The No.1 position currently belongs to Tata Sky, which offers 80-90 HD channels and services at present. HEVC will also help Sun Direct overtake Airtel Digital, which is currently at No.2 position with 70 HD channels.
Currently, there are three video compression algorithms being used by cable and satellite TV providers in India – MPEG 2, MPEG 4 (h.264) and now, HEVC (H.265).
Most of the cable operators, as well as Dish TV and ABS Free Dish, use the MPEG 2 standard, which is the oldest and the least efficient encoding and compression mechanism.
However, Dish TV and ABS use MPEG-2 only for their regular channels, and use MPEG-4 (H.264) for their HD channels.
The key reason why no one has moved to the HEVC technology, despite it being considered a mature and affordable platform, has to do with box support.
HEVC boxes started becoming affordable only in the last two years, but since most of the DTH boxes in use in India were sold well before that, they do not carry support for the standard.
As a result, if Tata Sky or Airtel Digital switches to the new codec, their consumers simply won’t be able to watch the channels.
To enable them would require these companies to replace the existing boxes with new ones, which wouldn’t make financial sense given the high number of boxes compared to satellite spectrum.
Satellite spectrum costs about Rs 25 cr per year per 100 MHz, or about Rs 100-125 cr per operator per year.
At Rs 1,200 each, the cost of replacing a 8 million boxes would be close to Rs 1,000 cr for a single operator. As a result, operators prefer to spend an extra Rs 50 cr per year to buy more spectrum instead of replacing the boxes.

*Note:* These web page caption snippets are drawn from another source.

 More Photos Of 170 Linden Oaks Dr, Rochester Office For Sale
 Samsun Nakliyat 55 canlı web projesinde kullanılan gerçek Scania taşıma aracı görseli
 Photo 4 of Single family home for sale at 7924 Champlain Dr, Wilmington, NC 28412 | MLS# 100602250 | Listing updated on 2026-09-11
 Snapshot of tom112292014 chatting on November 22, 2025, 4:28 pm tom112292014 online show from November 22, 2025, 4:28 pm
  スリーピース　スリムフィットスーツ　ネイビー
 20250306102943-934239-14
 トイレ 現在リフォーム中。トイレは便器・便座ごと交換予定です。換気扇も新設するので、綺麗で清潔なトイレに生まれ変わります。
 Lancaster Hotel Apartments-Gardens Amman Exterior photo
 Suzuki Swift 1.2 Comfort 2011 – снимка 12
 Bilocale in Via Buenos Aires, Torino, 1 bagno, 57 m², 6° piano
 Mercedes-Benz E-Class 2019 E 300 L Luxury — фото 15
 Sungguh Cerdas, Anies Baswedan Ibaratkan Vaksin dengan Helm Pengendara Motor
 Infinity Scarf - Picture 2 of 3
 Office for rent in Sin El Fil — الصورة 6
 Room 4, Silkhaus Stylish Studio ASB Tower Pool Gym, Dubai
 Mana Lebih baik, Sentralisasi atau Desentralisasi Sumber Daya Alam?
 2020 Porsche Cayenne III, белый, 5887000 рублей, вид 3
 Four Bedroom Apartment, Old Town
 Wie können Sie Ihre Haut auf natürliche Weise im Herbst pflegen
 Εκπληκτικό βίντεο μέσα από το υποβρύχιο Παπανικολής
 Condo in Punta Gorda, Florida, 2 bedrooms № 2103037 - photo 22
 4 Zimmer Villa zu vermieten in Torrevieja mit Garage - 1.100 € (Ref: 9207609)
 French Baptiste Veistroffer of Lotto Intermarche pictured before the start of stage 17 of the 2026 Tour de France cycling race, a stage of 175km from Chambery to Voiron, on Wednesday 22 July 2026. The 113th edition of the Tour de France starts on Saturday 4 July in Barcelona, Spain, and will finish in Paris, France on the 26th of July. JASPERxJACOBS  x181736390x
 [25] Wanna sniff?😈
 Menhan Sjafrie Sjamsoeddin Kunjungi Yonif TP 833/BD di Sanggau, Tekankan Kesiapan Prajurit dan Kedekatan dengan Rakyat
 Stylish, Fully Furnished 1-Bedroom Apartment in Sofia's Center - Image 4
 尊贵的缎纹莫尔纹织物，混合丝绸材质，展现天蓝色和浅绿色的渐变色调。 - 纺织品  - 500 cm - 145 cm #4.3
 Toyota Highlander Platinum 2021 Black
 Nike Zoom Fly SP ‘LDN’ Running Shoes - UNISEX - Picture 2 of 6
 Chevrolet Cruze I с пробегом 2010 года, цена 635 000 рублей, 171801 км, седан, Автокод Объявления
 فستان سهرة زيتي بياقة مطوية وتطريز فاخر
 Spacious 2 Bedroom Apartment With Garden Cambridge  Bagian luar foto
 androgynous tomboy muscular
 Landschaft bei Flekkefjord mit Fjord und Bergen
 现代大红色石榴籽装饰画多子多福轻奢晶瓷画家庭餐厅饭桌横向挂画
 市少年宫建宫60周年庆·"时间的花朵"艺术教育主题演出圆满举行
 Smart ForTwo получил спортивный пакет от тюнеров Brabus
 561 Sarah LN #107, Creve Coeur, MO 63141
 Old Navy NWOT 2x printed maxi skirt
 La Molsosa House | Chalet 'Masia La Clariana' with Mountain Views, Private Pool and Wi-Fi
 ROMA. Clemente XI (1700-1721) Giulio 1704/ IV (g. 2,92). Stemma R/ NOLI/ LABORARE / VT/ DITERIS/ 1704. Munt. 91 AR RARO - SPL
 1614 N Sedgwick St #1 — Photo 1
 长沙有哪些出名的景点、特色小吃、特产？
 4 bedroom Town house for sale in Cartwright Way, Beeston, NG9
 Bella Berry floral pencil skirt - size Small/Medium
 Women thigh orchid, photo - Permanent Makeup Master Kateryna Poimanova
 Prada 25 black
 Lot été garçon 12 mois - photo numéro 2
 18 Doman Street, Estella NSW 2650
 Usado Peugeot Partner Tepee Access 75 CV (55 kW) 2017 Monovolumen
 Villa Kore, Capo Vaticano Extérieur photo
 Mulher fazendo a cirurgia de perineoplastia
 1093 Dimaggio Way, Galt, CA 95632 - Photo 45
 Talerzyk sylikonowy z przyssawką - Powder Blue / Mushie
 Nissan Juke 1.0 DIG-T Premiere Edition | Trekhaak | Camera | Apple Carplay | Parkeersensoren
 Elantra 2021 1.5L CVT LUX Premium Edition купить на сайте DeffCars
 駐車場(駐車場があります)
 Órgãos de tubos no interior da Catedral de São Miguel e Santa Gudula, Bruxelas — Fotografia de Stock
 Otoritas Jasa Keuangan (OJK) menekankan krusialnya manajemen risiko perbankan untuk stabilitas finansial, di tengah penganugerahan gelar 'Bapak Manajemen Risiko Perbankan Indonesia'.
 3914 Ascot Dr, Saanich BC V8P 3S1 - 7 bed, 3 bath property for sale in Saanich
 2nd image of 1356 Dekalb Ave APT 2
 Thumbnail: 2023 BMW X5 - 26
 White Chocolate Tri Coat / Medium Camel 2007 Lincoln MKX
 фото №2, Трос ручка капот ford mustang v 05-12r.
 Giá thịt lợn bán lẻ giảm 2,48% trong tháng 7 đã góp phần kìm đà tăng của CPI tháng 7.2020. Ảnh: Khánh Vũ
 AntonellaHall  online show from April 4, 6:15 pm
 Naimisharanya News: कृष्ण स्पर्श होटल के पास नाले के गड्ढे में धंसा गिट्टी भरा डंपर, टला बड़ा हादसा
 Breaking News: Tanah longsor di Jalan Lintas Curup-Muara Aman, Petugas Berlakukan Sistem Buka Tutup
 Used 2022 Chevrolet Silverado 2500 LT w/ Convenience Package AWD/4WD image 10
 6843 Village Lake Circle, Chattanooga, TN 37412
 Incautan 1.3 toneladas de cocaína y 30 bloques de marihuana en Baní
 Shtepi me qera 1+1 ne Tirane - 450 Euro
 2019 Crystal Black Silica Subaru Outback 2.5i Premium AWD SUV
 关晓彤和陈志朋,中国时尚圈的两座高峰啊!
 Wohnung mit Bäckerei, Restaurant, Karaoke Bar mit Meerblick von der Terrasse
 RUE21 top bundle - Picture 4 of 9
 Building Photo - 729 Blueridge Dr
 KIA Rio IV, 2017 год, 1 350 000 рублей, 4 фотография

Sun Direct has an advantage in this matter as it had negligible HD subscribers till last year because a fire knocked out most of its satellite capacity in 2010, delaying its HD roll-out to 2017.
As it started seeding HD boxes so late, it was able to include H.265 technology in them, allowing it to now adopt the cost-saving strategy.
Other operators are expected to introduce HEVC in their 4K boxes as 4K will be practically impossible to deliver on MPEG-4 platform.